(DATA UNDER STUDY)

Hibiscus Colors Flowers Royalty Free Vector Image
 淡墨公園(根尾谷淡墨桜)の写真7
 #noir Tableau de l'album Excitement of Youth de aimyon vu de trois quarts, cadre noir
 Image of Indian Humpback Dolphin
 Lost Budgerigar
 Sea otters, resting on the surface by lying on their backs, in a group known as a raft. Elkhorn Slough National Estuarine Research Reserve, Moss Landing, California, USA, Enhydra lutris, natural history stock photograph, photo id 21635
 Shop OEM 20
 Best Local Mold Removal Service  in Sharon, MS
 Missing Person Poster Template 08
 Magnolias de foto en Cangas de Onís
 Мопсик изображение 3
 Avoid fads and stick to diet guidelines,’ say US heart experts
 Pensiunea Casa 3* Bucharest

(End DATA UNDER STUDY)

### EXERCISE INSTRUCTIONS
Within the records, filter for lines that contain the word "Image" and show each one.

### ANSWER SPACE
Hibiscus Colors Flowers Royalty Free Vector Image
 Image of Indian Humpback Dolphin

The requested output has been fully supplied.